Two million tons of waste in Krasnyi Bor are stored in pools, many of which have no cover. The area is surrounded with barbed wire, but outside the fencing there is a channel, into which rain water and waste collects. With the rain and meltwater, poisons from the uncovered pools flow into this channel.

The facility is formally under the authority of St. Petersburg.

Next to the dumping site there are two rivers, the Izhora River and the Tosna River, which empty into the Neva River.

==Environmental concerns==
In 2018, the site was characterized as a "dangerous environmental bomb" by Russia's presidential envoy in the Northwestern Federal District, Alexander Beglov. The Baltic Marine Environment Protection Commission (HELCOM) has called it as a particularly polluted area, which will present a serious threat to the Baltic Sea. If waters from the Krasnyi Bor pools should escape, or if the dykes should break, the hazardous waste will end up in the Gulf of Finland. In early March 2016, such a dyke did break, but the leak was detected and blocked up quickly.

The machinery of the facility is old, it is inefficient, and according to former head of the facility Kolyakov, if functions only when the temperature is not freezing. In addition to this, problems are caused by the fact that the wasted has been dumped into the pools without any kind of separation of the waste materials.

In the spring of 2016, Helsingin Sanomat reported that the Krasnyi Bor dumping site was in a critical state, as the pools containing industrial waste were almost full. The situation is dangerous for the city of St. Petersburg, too, since it takes it water supply from the Neva, below the place where the Izhora River empties into it.

In March 2016, Helsingin Sanomat took samples of the water near the dumping ground. The following substances were found in a ditch near it: PCB compounds, cadmium, heavy metals, cyanide, arsenic, as well as the pesticide HCH, signs of solvents and pesticides such as the herbicide MCPA. It has also been claimed that the dumping site contains radioactive waste. The authorities of St. Petersburg claim that all this is false and without basis.

The head of the harmful waste from the Finnish Environment Institute SYKE, Jaakko Mannio says that the fact that hazardous substances were found outside the dumping site is an indication of a leak.

The problems of the dumping site were publicized by the former director Viktor Kolyakov, who was dismissed five months after the revelations. After this, the city of St. Petersburg has threatened to have him prosecuted for “spreading unfounded information.”

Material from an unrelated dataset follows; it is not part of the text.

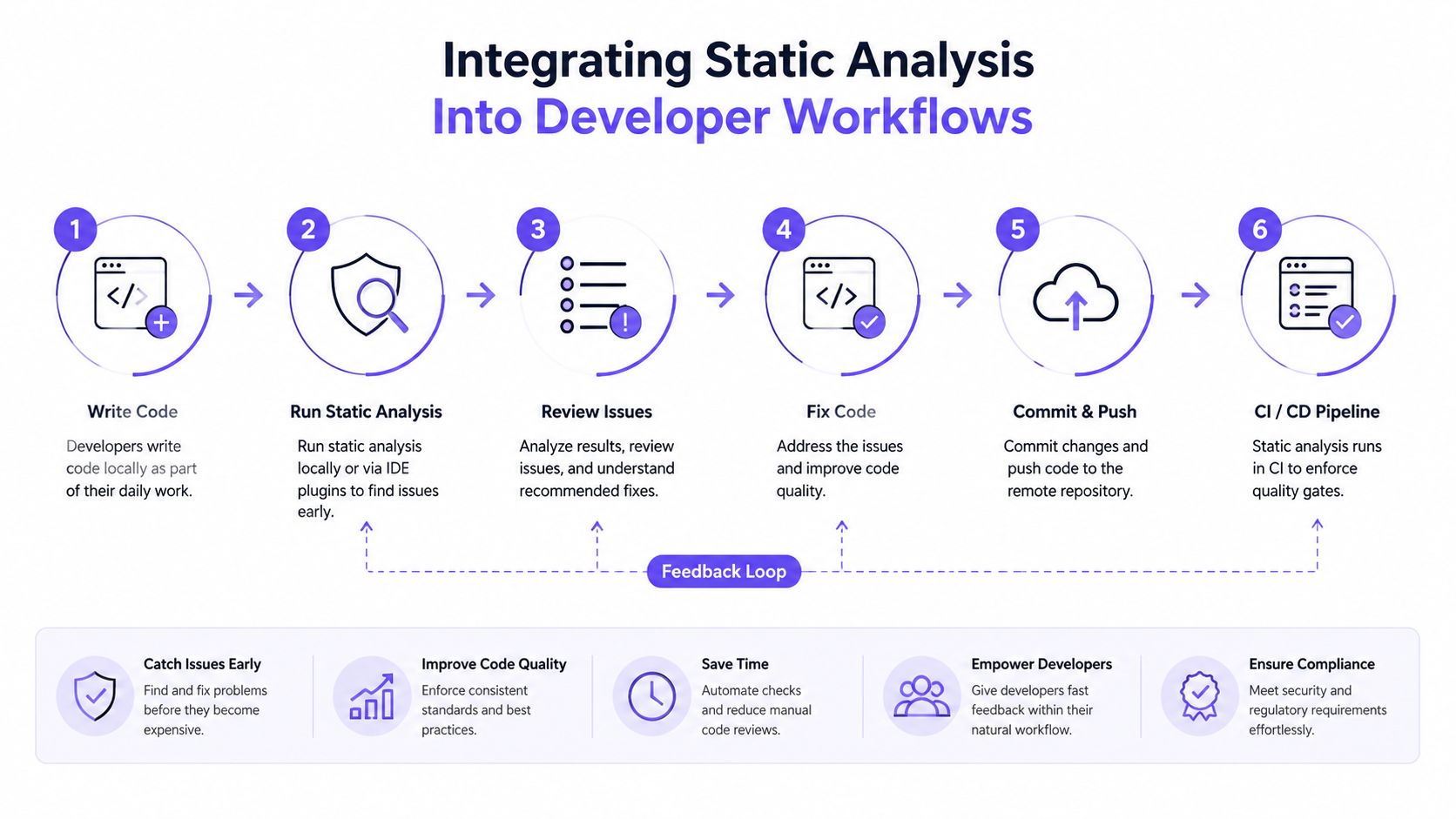 A six-step diagram illustrating the process of integrating static analysis tools into developer workflows and CI/CD pipelines.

The Russian State Prosecutor office has investigated the functioning of the dumping site in 2016. Kolyakov's predecessor is suspected of having exceeded his authority. Connected to the dumping site, there are also cases pending concerning stealing funds from budget of the city of St. Petersburg.

In 2015, the city of St. Petersburg wanted to build an incinerator, which would have been designed by a Russian daughter company of the Finnish consulting and engineering company Pöyry. However, the residents and politicians of the Leningrad Oblast were opposed to the idea of waste being incinerated there, and the plan came to naught. The city has no alternative plan of how to process the waste.